CATV cabling is used for "broadband" transmission as opposed to the "baseband" transmission used by all other Ethernet physical layers. A broadband cabling system supports transmission of multiple services over a single cable by dividing the bandwidth into separate frequencies, with each frequency assigned to a different service. This technique is used in cable TV transmission systems to transmit multiple channels over a single cable. Each channel uses a different frequency range. This capability can allow 10Broad36 share a single cable with other services such as video.
Fiber optic cabling is a technology where electrical signals are converted into optical signals, transmitted through a thin glass fiber, and re-converted into electrical signals. It is used as transmission medium for the following Ethernet media systems: FOIRL, 10Base-FL, 10Base-FB, 10Base-FP, 100Base-FX, 1000Base-LX, and 1000Base-SX.
Fiber optic cabling is constructed of three concentric layers: The "core" is the central region of an optical fiber through which light is transmitted. The "cladding" is the material in the middle layer. It has a lower index of refraction than the core which serves to confine the light to the core. An outer "protective layer", or "buffer", serves to protect the core and cladding from damage.
The following sections describe the two primary types of fiber optic cabling: "multi-mode fiber" and "single-mode fiber".
Multi-mode fiber allows many "modes", or paths, of light to propagate down the fiber optic path. The relatively large core of a multi-mode fiber allows good coupling from inexpensive LEDs light sources, and the use of inexpensive couplers and connectors. Multi-mode fiber typically has a core diameter of 50 to 100 microns.
Two types of multi-mode fiber exist with a refractive index that may be "graded" or "stepped". With graded index fiber the index of refraction of the core is lower toward the outside of the core and progressively increases toward the center of the core, thereby reducing modal dispersion of the signal. With stepped index fiber the core is of uniform refractive index with a sharp decrease in the index of refraction at the core-cladding interface. Stepped index multi-mode fibers generally have lower bandwidths than graded index multi-mode fibers.
The most popular fiber for networking is the 62.5/125 micron multi-mode fiber. These numbers mean that the core diameter is 62.5 microns and the cladding is 125 microns. Other common sizes are 50/125 and 100/140.
The primary advantage of multi-mode fiber over twisted pair cabling is that it supports longer segment lengths. Multi-mode fiber can support segment lengths as long as 2000 meters for 10 and 100 Mbps Ethernet, and 550 meters for 1 Gbps Ethernet.

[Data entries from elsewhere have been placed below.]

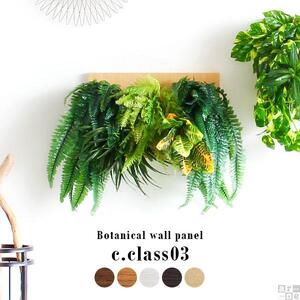 Botanical c.class 03　ブラウン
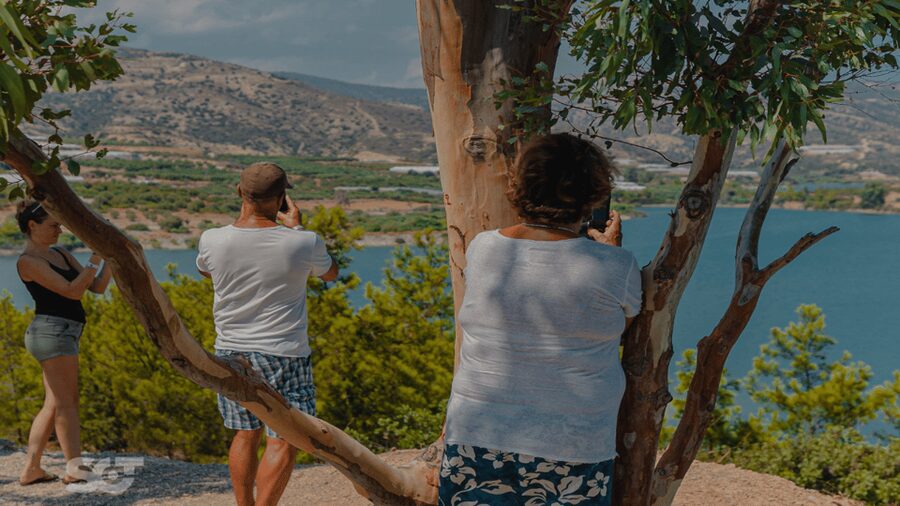 Makrigialos-Ierapetra: Hidden Villages & Olive Oil Farm Tour - Starting with olive oil near Agios Nikolaos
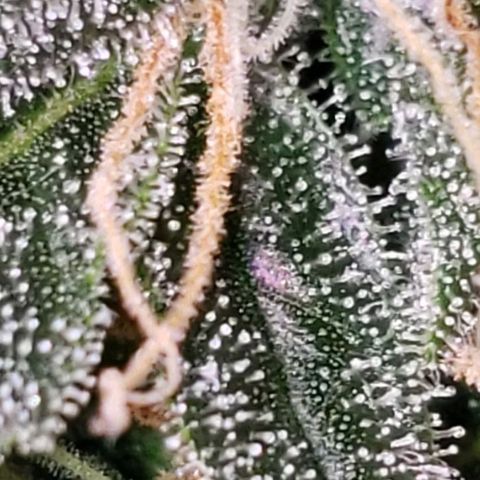 OG COOKIES - 01121 growlog photo: What I'm actually growing. 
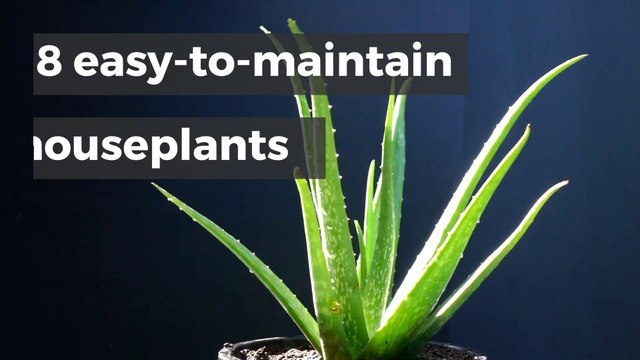8 Easy-To-Maintain Houseplants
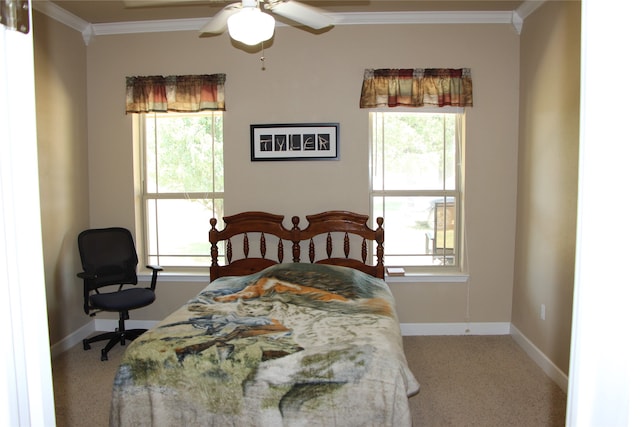 carpeted bedroom featuring ceiling fan, crown molding, and multiple windows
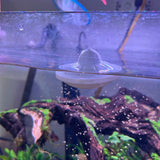 Feed your fish the fun way – with the UFO, Safe Plastic for Aquariums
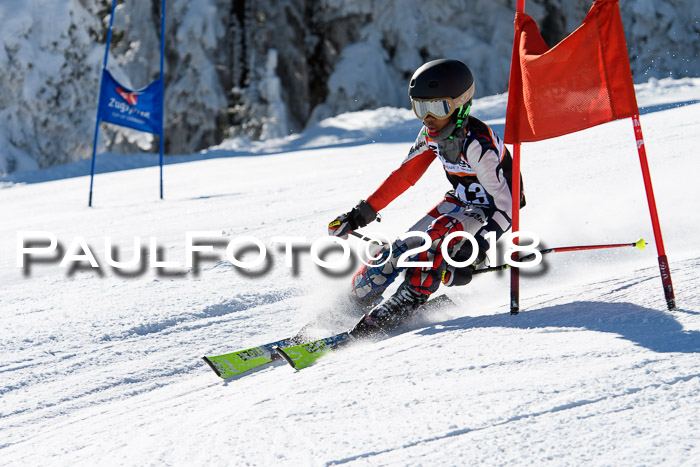 Ziener Cup WF, Finale, Quali + Parallelslalom, 24.03.2018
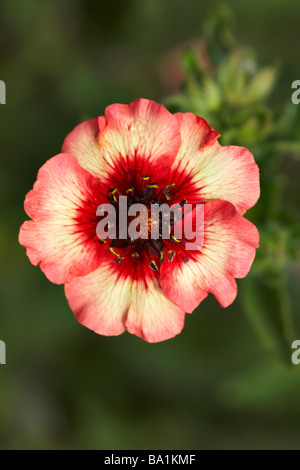 Fingerkraut Potentilla Nepalensis Miss Willmott Stockfoto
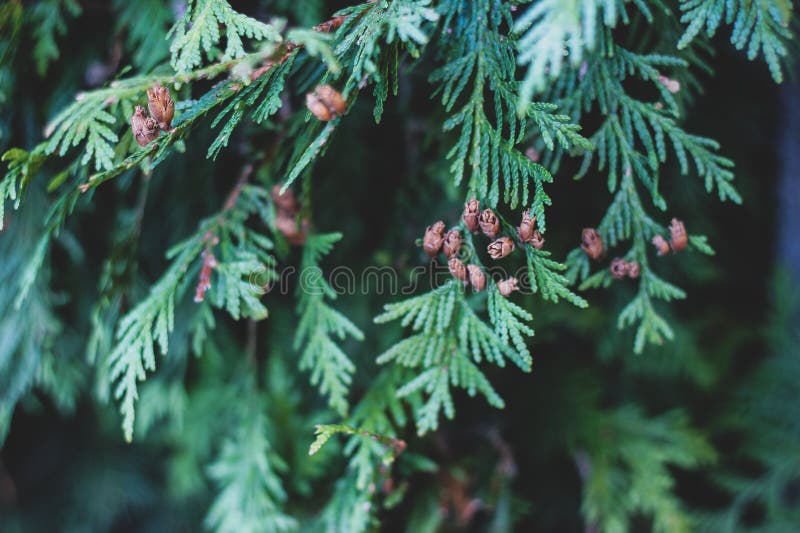 Fondo verde blando de la Navidad con el árbol del Thuja imagen de archivo libre de regalías Fondo verde blando de la Navidad con el árbol del Thuja imagen de archivo libre de regalías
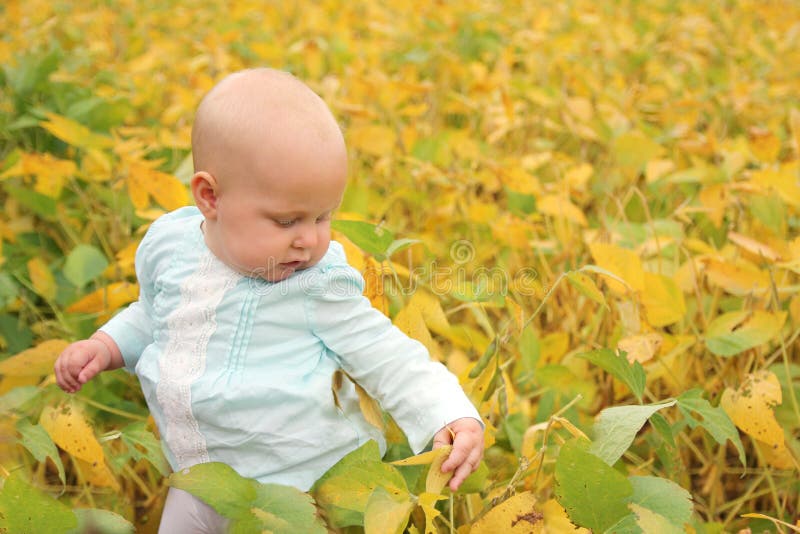 Beautiful Baby Girl Outside in Fall Nature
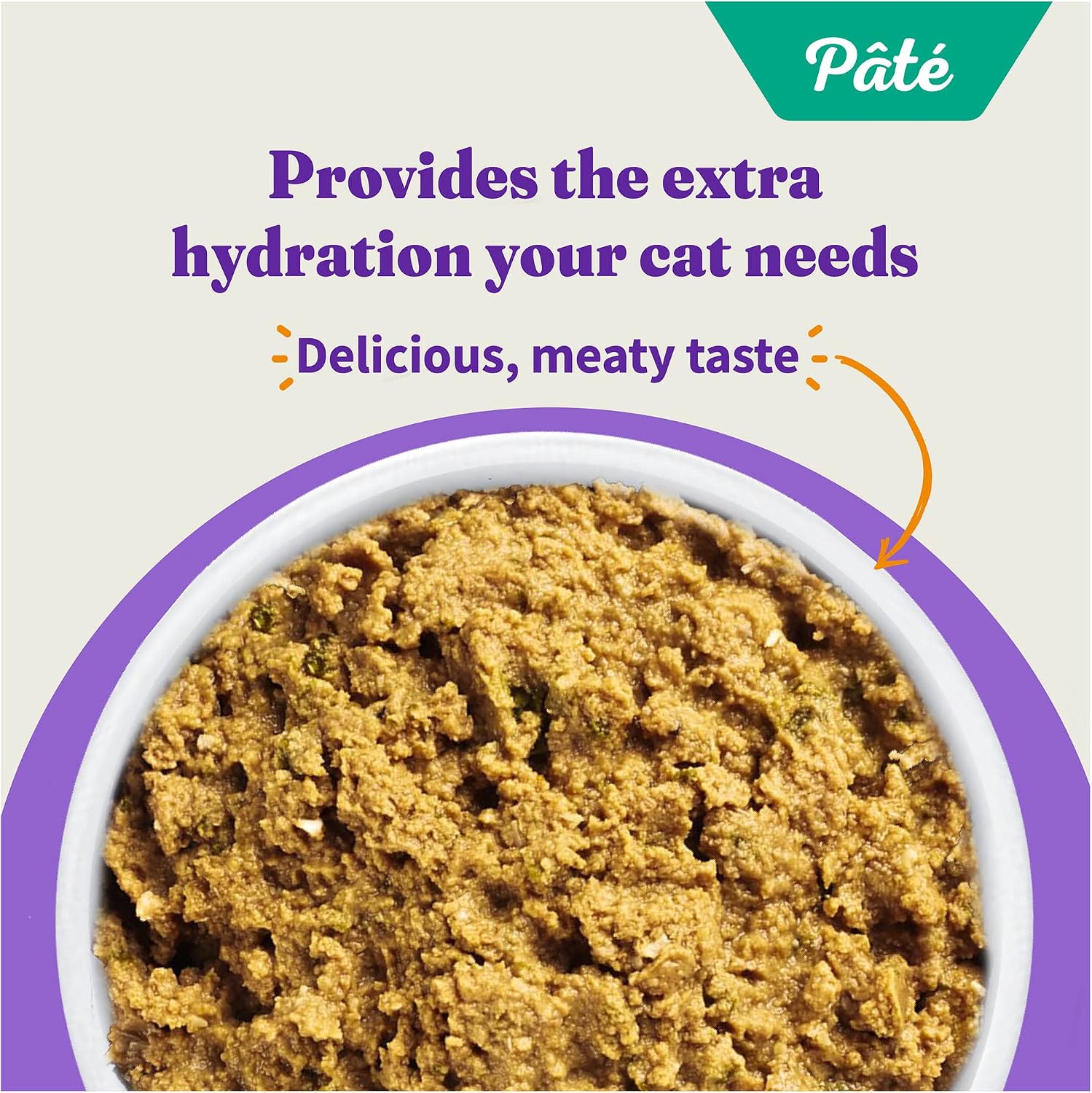 Halo Wet Cat Food Real Chicken Recipe, Grain-Free Wet Pate, Canned Cat Food for Extra Hydration, 5.5 Oz Can (Pack of 12)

Single-mode fiber has a core diameter that is so small (on the order of 10 microns) that only a single mode of light is propagated. This eliminates the main limitation to bandwidth, modal dispersion. However, the small core of a single-mode fiber makes coupling light into the fiber more difficult, and thus expensive lasers must be used as light sources. The main limitation to the bandwidth of a single-mode fiber is material (chromatic) dispersion. Laser sources must also be used to attain high bandwidth, because LEDs emit a large range of frequencies, and thus material dispersion becomes significant.
Single-mode fiber is capable of supporting much longer segment lengths than multi-mode fiber. Segment lengths of 5000 meters and beyond are supported at all Ethernet data rates through 1 Gbps. However, single-mode fiber has the disadvantage of being significantly more expensive to deploy than multi-mode fiber.
The following table shows the RJ-45 connector pin assignments for each of the Ethernet twisted pair physical layer types.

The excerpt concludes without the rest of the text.